[Exercise prompt] Please write out the whole listing that follows exactly; the pictures stay out.

[Input data]
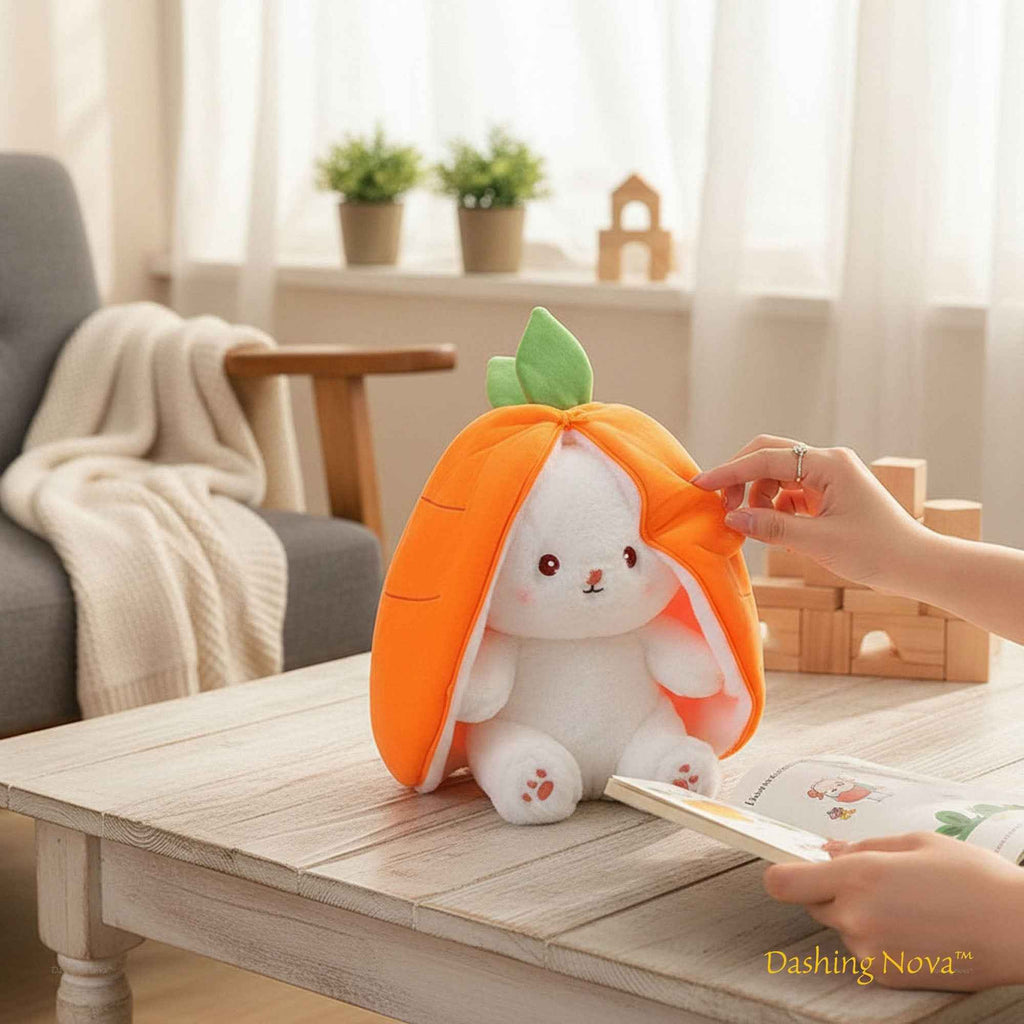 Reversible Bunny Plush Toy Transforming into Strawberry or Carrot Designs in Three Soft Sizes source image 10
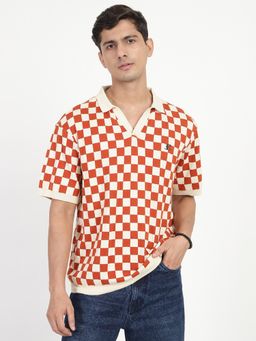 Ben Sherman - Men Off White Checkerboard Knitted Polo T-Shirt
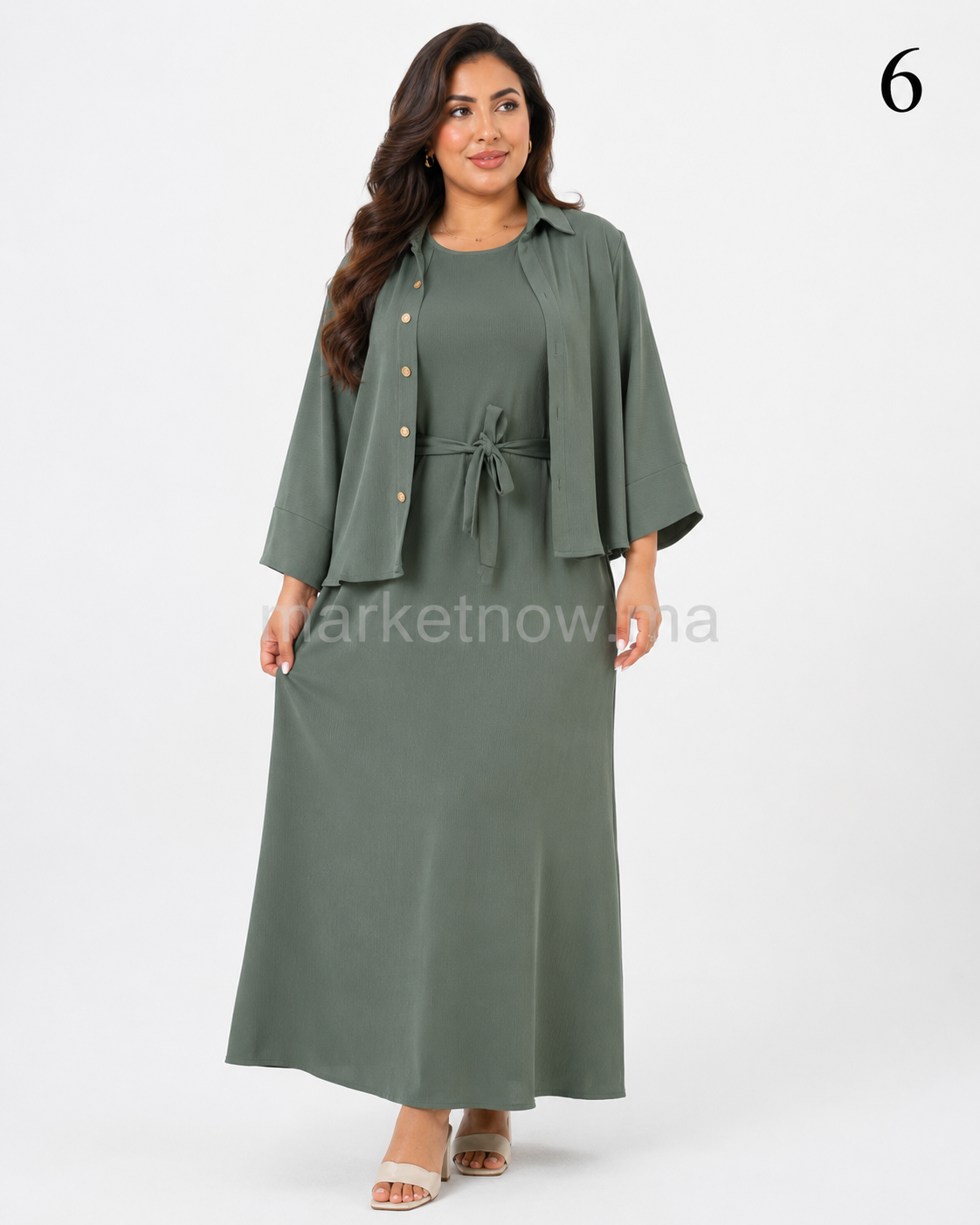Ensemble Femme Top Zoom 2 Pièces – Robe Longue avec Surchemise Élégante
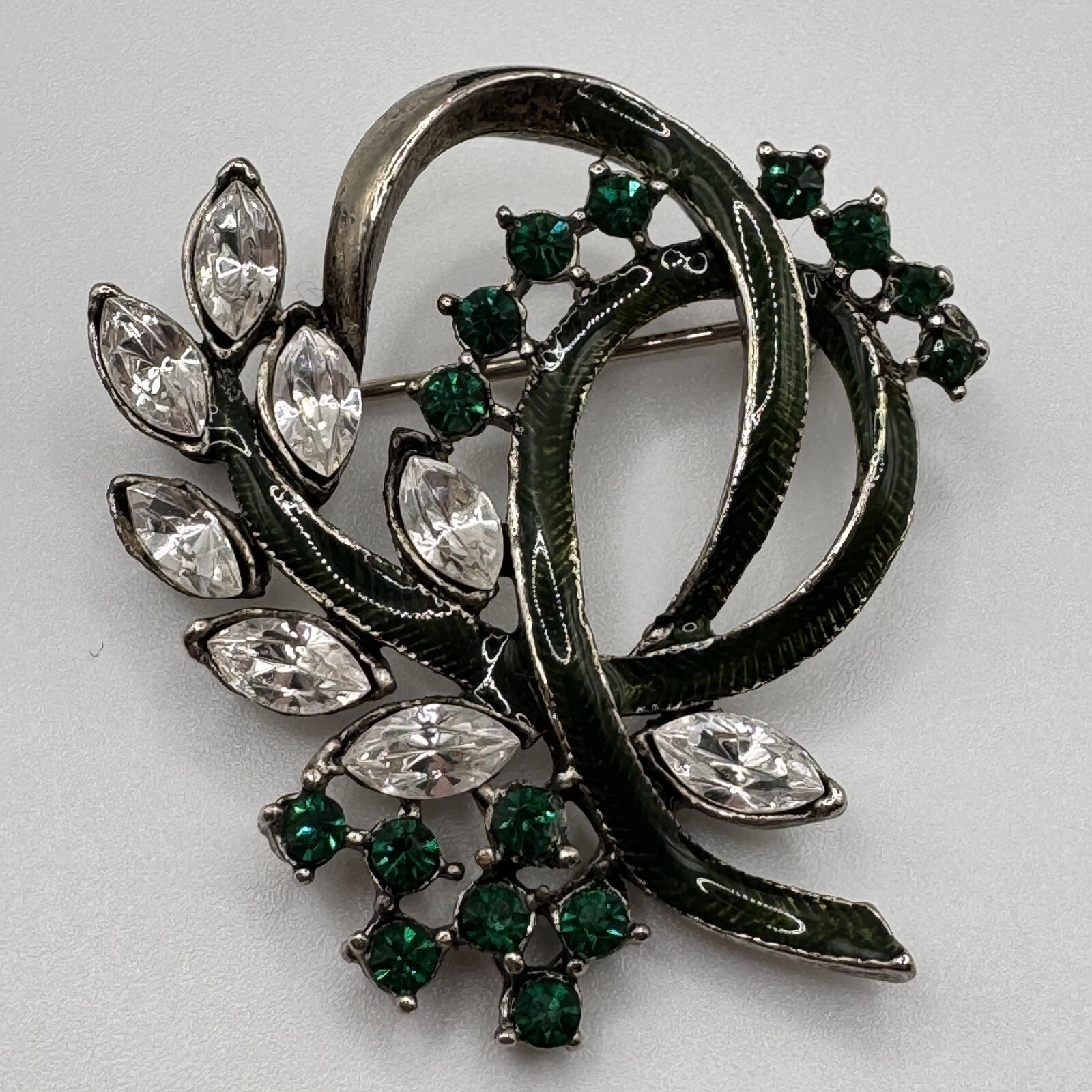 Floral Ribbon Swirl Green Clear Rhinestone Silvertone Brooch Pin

[Task response]
 Reversible Bunny Plush Toy Transforming into Strawberry or Carrot Designs in Three Soft Sizes source image 10
 Ben Sherman - Men Off White Checkerboard Knitted Polo T-Shirt
Ensemble Femme Top Zoom 2 Pièces – Robe Longue avec Surchemise Élégante
 Floral Ribbon Swirl Green Clear Rhinestone Silvertone Brooch Pin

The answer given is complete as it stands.